O caso remonta há 67 anos. Causou ondas de indignação sobre os direitos da população negra nos EUA e terminou sem acusações quanto a nenhum dos envolvidos. No entanto, a descoberta de documentos até agora desconhecidos levou a justiça norte-americana a reabrir o processo.

No verão de 1955, Emmett Till, um jovem afro-americano de 14 anos residente em Chicago, no estado do Illinois, foi visitar família ao sul dos EUA, em Money, cidade do Mississippi. Foi lá que foi acusado por Carolyn Bryant Donham, à época com 21 anos, de assediá-la com apalpões e comentários impróprios dentro de uma mercearia quando estavam os dois sozinhos.

A suspeita levantada pela mulher, branca, levou o seu marido, Roy Bryant, e o cunhado, J.W. Milam, a raptar Till durante a noite de 28 de agosto desse ano. Os dois homens espancaram, torturaram e mutilaram o jovem antes de o matar com um tiro na cabeça. O seu corpo foi encontrado dias depois no rio Tallahatchie.

Tanto Bryant como Milam foram ambos detidos por suspeitas de homicídio, mas foram absolvidos por um júri inteiramente composto por pessoas brancas — numa fase da história dos EUA em que o sul do país era altamente marcado pela segregação da população negra. Anos depois, os dois admitiram numa entrevista à revista Look terem assassinado Till, mas nunca mais foram levados à justiça. Ambos já morreram.

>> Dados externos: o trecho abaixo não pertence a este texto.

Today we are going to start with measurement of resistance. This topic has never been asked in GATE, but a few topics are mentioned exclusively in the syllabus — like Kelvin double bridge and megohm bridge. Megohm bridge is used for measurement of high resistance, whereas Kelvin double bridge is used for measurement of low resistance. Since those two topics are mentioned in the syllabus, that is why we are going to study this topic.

O caso — que ganhou proporções nacionais quando a mãe de Till optou por manter o caixão aberto durante o funeral do filho para denunciar a brutalidade das suas lesões —, poderia ter ficado perdido no tempo, não tivesse sido encontrado um mandado de captura por Donham por cumprir.

O documento, descoberto em junho por uma equipa de investigadores na cave do tribunal local, não chegou a ser aplicado porque o xerife à época não quis “perturbar” uma mãe de dois filhos. Mas serviu para reabrir o processo e julgar Donham pelos eventuais crimes de sequestro e homicídio culposo.

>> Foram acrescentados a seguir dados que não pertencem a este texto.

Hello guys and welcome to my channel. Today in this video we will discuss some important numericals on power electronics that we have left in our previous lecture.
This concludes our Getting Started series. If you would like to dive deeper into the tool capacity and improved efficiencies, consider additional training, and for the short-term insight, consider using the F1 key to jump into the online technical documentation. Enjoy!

Um outro dado que alimentou este caso foi um livro de memórias por publicar de Donham, descoberto na sua casa no decorrer das investigações. No documento, obtido em julho pela agência Associated Press, a mulher admite não saber o que aconteceria a Till depois de acusá-lo e defende ter negado perante os dois assassinos de que o jovem que eles lhe trouxeram era o seu suposto assediador. Donham sublinha que foi Till quem se identificou como o culposo.

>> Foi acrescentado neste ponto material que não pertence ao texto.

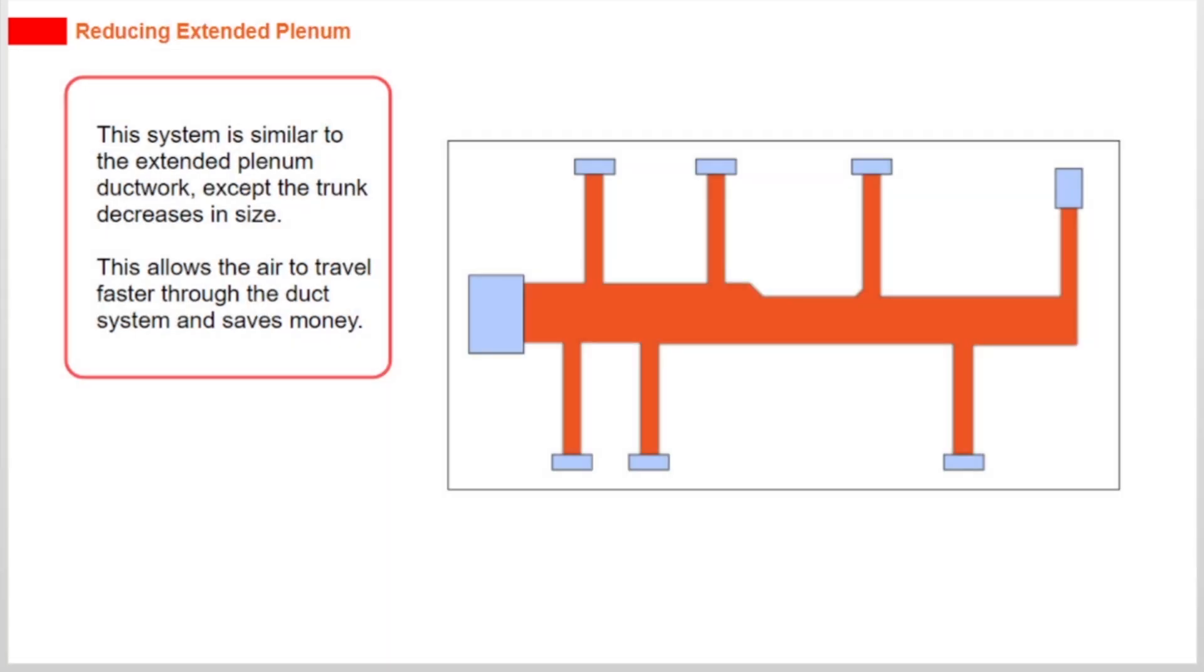This system is similar to the extended plenum ductwork, except the trunk decreases in size. This allows the air to travel faster through the duct system and saves money.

A mulher, hoje com 87 anos, foi presente a tribunal no condado de Leflore. O procurador chamou a depor investigadores e testemunhas durante mais de sete horas. Todavia, o grande júri encarregue do caso considerou que não há provas suficientes para condenar Donham.

Um primo de Till, o Reverendo Wheeler Parker Jr, lamentou a decisão do júri, caracterizando-a como “infeliz, mas previsível”.

A morte do jovem, porém, deixou lastro até aos dias de hoje. Não só alimentou o movimento dos direitos civis nos EUA, como foi em sem nome que o presidente norte-americano, Joe Biden, assinou um projeto de lei para tornar o linchamento um crime de ódio federal, mais de 100 anos após essa legislação ter sido proposta pela primeira vez.

Denominado "Emmett Till Anti-Lynching Act", o projeto de lei torna possível processar um crime como linchamento quando uma conspiração para cometer um crime de ódio leva à morte ou a lesão corporal grave, de acordo com o defensor do projeto, o deputado Bobby Rush. A lei estabelece uma pena máxima de 30 anos de prisão e multas.

Biden reconheceu o longo atraso durante o pronunciamento a legisladores, funcionários do Governo e defensores dos direitos civis, enfatizando como as mortes violentas de negros norte-americanos foram usadas para intimidá-los e impedi-los de votar simplesmente por causa de sua cor de pele.

“Obrigado por nunca, nunca desistir”, disse o chefe de Estado. “O linchamento foi puro terror para impor a mentira de que nem todos, nem todos, pertencem à América, nem todos são criados iguais", acrescentou.